Wo Furcht und Freude aufeinandertreffen (Psalm 112)

Predigtmanuskript

Halleluja!

Wohl dem, der den Herrn fürchtet, der große Freude hat an seinen Geboten!

2 Sein Geschlecht wird gewaltig sein im Lande; die Kinder der Frommen werden gesegnet sein. 3 Reichtum und Fülle wird in ihrem Hause sein, und ihre Gerechtigkeit bleibt ewiglich. 4 Den Frommen geht das Licht auf in der Finsternis, gnädig, barmherzig und gerecht.

5 Wohl dem, der barmherzig ist und gerne leiht und das Seine tut, wie es recht ist! 6 Denn er wird niemals wanken; der Gerechte wird nimmermehr vergessen. 7 Vor schlimmer Kunde fürchtet er sich nicht; sein Herz hofft unverzagt auf den Herrn. 8 Sein Herz ist getrost und fürchtet sich nicht, bis er auf seine Feinde herabsieht. 9 Er streut aus und gibt den Armen; seine Gerechtigkeit bleibt ewiglich. Sein Horn wird erhöht mit Ehren.

10 Der Frevler wird’s sehen und es wird ihn verdrießen; mit den Zähnen wird er knirschen und vergehen. Denn was die Frevler wollen, das wird zunichte.

Psalm 112 nach der Bibelübersetzung Luther 2017

Nach dem ersten Hören, Lesen oder Singen hört sich der Psalm an, als ob es denen, die Gott vertrauen immer gut und immer besser geht. Wir lesen von den praktischen Auswirkungen, die fromme Menschen erleben dürfen, wenn sie Gott ehren und seinen Geboten gerne folgen. Das hört sich nach dem sogenannten Wohlstandsevangelium an. Es verspricht all denen Glück und Erfolg, die sich bekehren und Christen werden. Nun, so ganz falsch ist das nicht, so ganz richtig aber auch nicht.

Natürlich ist es so, dass die Gute Nachricht von Jesus, also eine heilsame Beziehung zu Gott, positive Auswirkungen auf unser Leben hat. Es kann ja gar nicht anders sein. Wenn ich Jesus in mein Leben lasse, dann begegne ich der Güte, der Barmherzigkeit und Gerechtigkeit Gottes, ja Gott selbst, der mich heil macht.
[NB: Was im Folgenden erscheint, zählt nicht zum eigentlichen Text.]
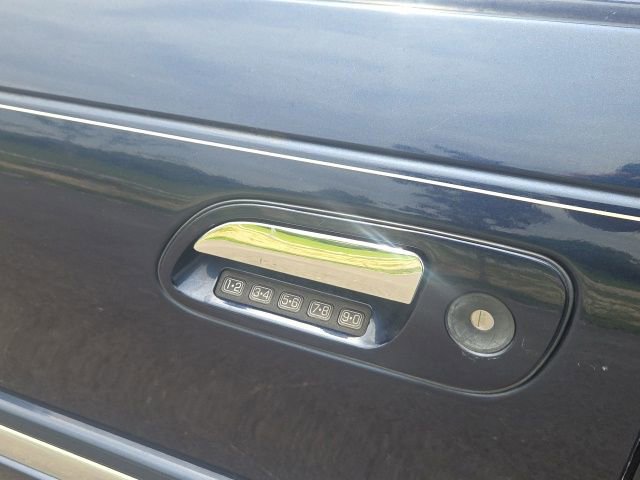 Used 2002 Lincoln Continental FWD image 17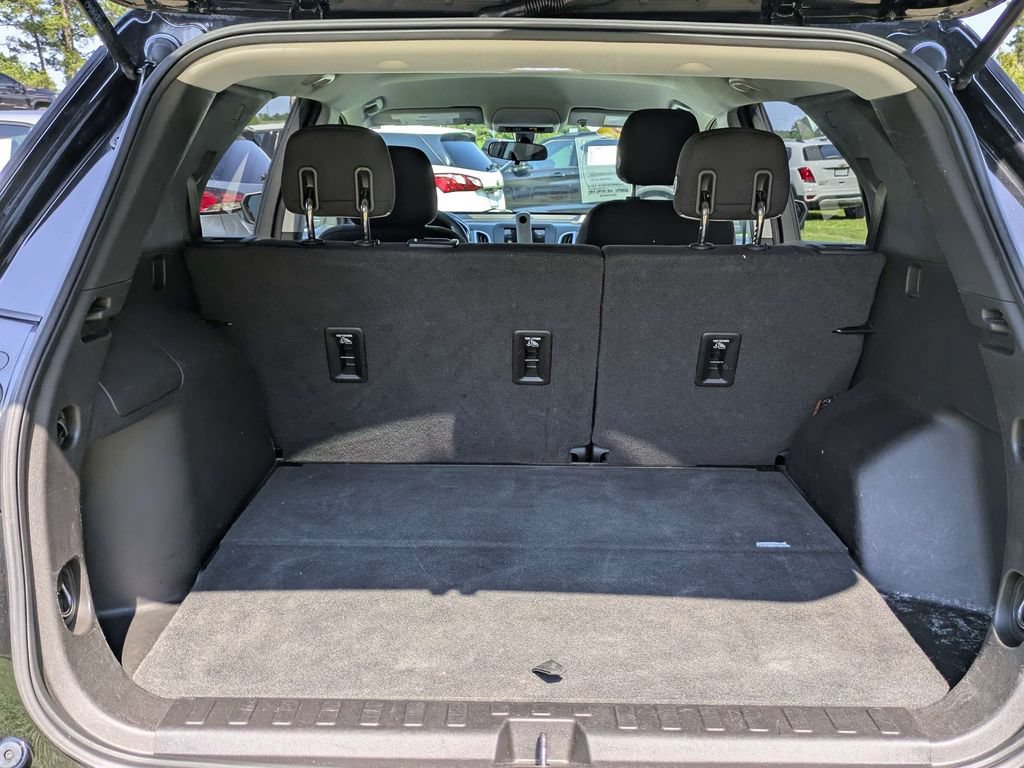 Used 2019 Chevrolet Equinox LS w/ LS Convenience Package FWD image 13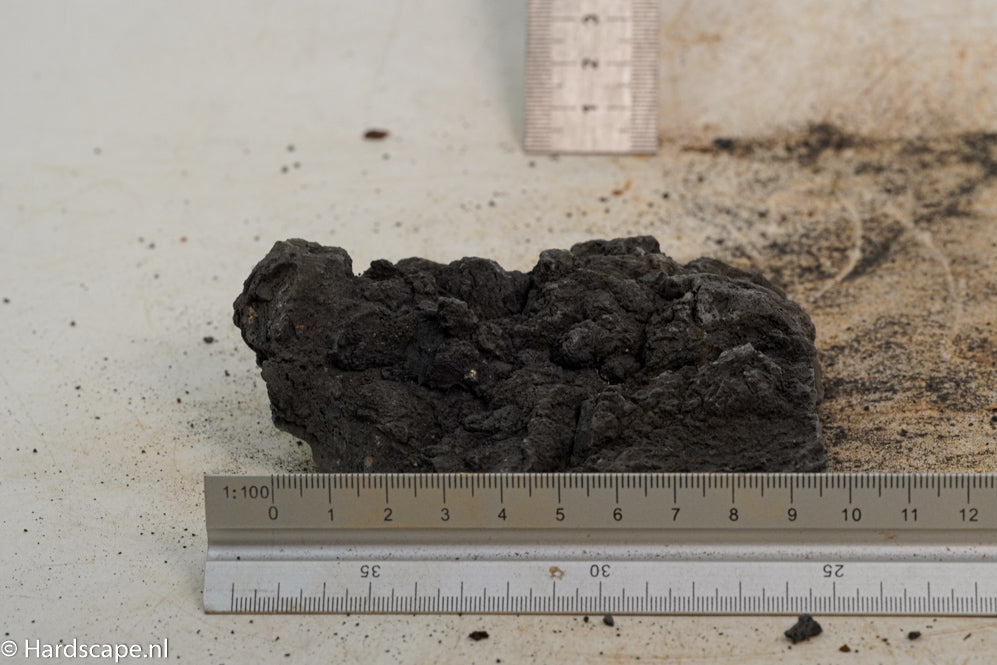 Black Lava S416 - Hardscape.nl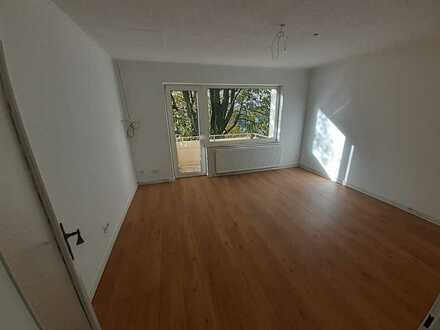 renovierte 3-Zimmer-Wohnung mit KDB, Balkon und Kellerabstellraum in Wipperfürth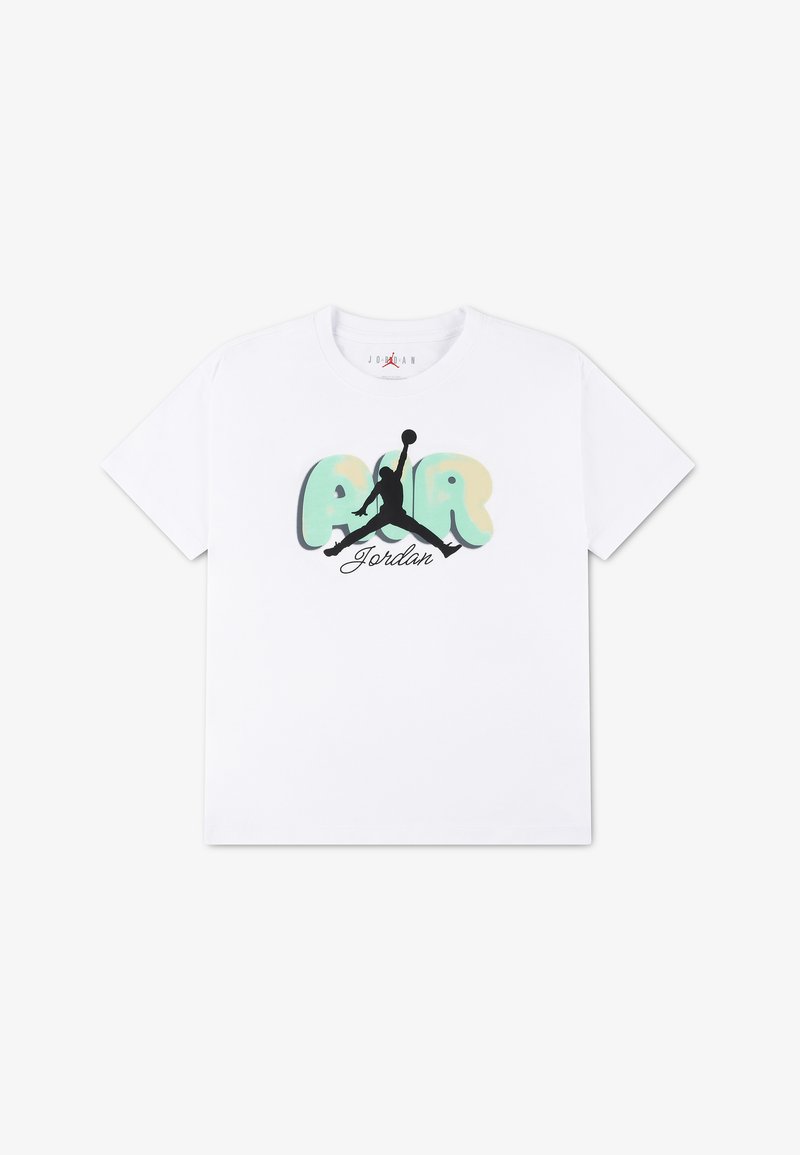 T-shirt blanc à manches courtes avec de grandes lettres pastel « AIR », silhouette noire de Jumpman tenant un ballon de basket, et texte « Jordan » en-dessous.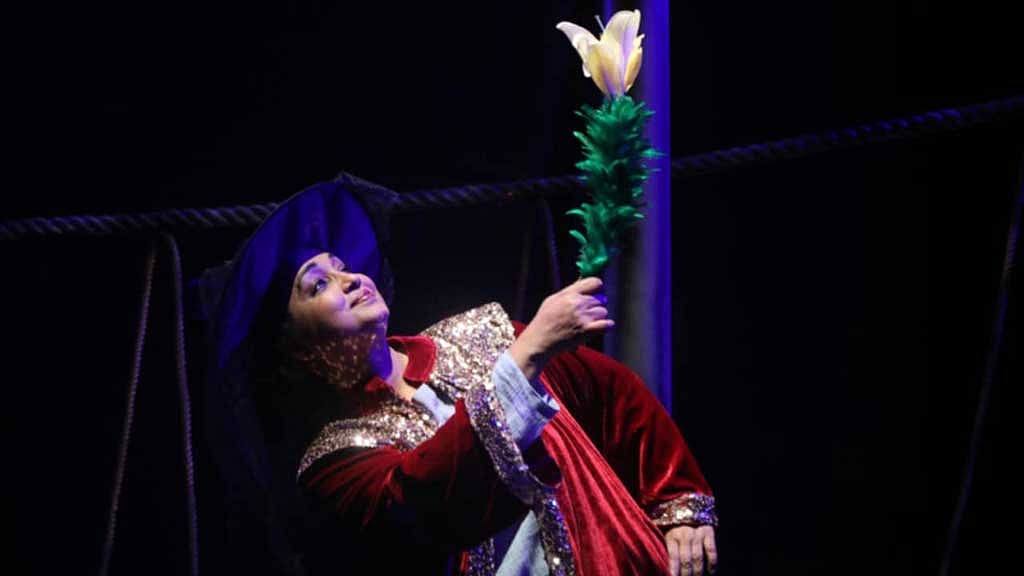 ‘আত্মজয়’ নাটকের দৃশ্য,ছবি: মোমেনা চৌধুরী।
Wer so etwas erlebt, kann nicht so bleiben, wie er ist – nicht weil er muss, sondern weil es an ihm passiert. Gott beginnt zu handeln, nicht wir.

Wir erleben aber auch Menschen, die ihr Leben Gott anvertraut haben und doch von einem Unglück ins andere stolpern. Dann fragen wir uns mit Recht, warum das passieren muss. Als biblisches Beispiel fällt uns da sofort Hiob ein.

Fragen kommen dann auf wie: „Funktioniert der Glaube an Jesus?“ oder: „Kümmert sich Gott wirklich um mich?“ oder: „Ist das wirklich wahr, was ich da in der Bibel lese oder doch nur ein Beruhigungsmittel für meine Seele?“ Natürlich ist es das. Es ist aber noch weit mehr. Und genau davon handelt dieses Lied.

Von diesen dunklen Erfahrungen schreibt auch Paulus an die Christen in Korinth, besonders in seinem zweiten, persönlichsten Brief. Der große Apostel gibt zu, dass er und seine Freunde schon das eine oder andere Mal am Leben verzweifelten. Auch innere Unruhe bekennt er, tiefe Sorge um enge Freunde. Aber Paulus hält an dem fest, was uns in Psalm 112 zugesungen wird.

Da geht es als Erstes darum zu merken, dass Gott zu fürchten und Freude an seinem Willen zu haben kein Widerspruch ist, sondern zu einem neuen Leben befreit.

Daran schließt sich das Zweite an. Es geht um den, der uns Halt im Leben gibt auch, wenn es wankt und Licht bringt, wenn es im finster um uns wird.

Die Furcht Gottes und die Freude an seinem Willen sind kein Widerspruch. Zusammen machen sie mich frei.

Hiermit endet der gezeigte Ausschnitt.